Gen AI Benchmarking: LLMs and VLMs on Jetson

Try to get and launch the vLLM Container, it is shown “No CUDA-capable device is detected (CUDA_ERROR_NO_DEVICE) cuInit()=100”

sudo docker run --rm -it --network host --shm-size=16g --ulimit memlock=-1 --ulimit stack=67108864 --runtime=nvidia --name=vllm nvcr.io/nvidia/vllm:25.09-py3

==========

== vLLM ==

NVIDIA Release 25.09 (build 214638690)
vLLM Version 0.10.1.1+381074ae
Container image Copyright (c) 2025, NVIDIA CORPORATION & AFFILIATES. All rights reserved.
Copyright (c) 2014-2024 Facebook Inc.
Copyright (c) 2011-2014 Idiap Research Institute (Ronan Collobert)
Copyright (c) 2012-2014 Deepmind Technologies (Koray Kavukcuoglu)
Copyright (c) 2011-2012 NEC Laboratories America (Koray Kavukcuoglu)
Copyright (c) 2011-2013 NYU (Clement Farabet)
Copyright (c) 2006-2010 NEC Laboratories America (Ronan Collobert, Leon Bottou, Iain Melvin, Jason Weston)
Copyright (c) 2006 Idiap Research Institute (Samy Bengio)
Copyright (c) 2001-2004 Idiap Research Institute (Ronan Collobert, Samy Bengio, Johnny Mariethoz)
Copyright (c) 2015 Google Inc.
Copyright (c) 2015 Yangqing Jia
Copyright (c) 2013-2016 The Caffe contributors
All rights reserved.

Various files include modifications (c) NVIDIA CORPORATION & AFFILIATES. All rights reserved.

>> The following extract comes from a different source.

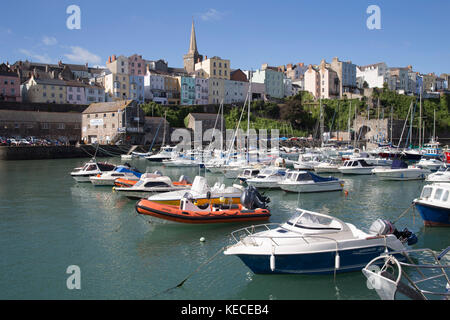 Boote im Hafen von Tenby, Pembrokeshire, Wales Stockfoto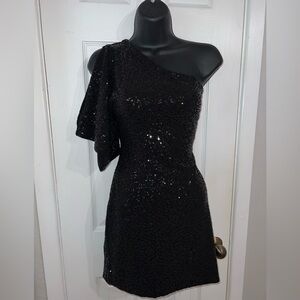 Elegant Black Sequin One-Shoulder Dress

GOVERNING TERMS: The software and materials are governed by the NVIDIA Software License Agreement
(found at https://www.nvidia.com/en-us/agreements/enterprise-software/nvidia-software-license-agreement/)
and the Product-Specific Terms for NVIDIA AI Products
(found at https://www.nvidia.com/en-us/agreements/enterprise-software/product-specific-terms-for-ai-products/).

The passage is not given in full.